Records shown>
>>
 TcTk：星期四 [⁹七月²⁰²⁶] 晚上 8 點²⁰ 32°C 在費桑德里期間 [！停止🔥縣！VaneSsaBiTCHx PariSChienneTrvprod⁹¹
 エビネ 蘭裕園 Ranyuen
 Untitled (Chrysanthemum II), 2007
<<
>>
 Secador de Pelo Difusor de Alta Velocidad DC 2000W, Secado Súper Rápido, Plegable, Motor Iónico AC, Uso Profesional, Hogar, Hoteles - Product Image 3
<<
Problem statement> Above this task is a listing. Restate, word for word and with nothing added, the lines from the one with "TcTk：星期四 [⁹七月²⁰²⁶] 晚上" through the one with "Untitled (Chrysanthemum II), 2007".

Written reply>
 TcTk：星期四 [⁹七月²⁰²⁶] 晚上 8 點²⁰ 32°C 在費桑德里期間 [！停止🔥縣！VaneSsaBiTCHx PariSChienneTrvprod⁹¹
 エビネ 蘭裕園 Ranyuen
 Untitled (Chrysanthemum II), 2007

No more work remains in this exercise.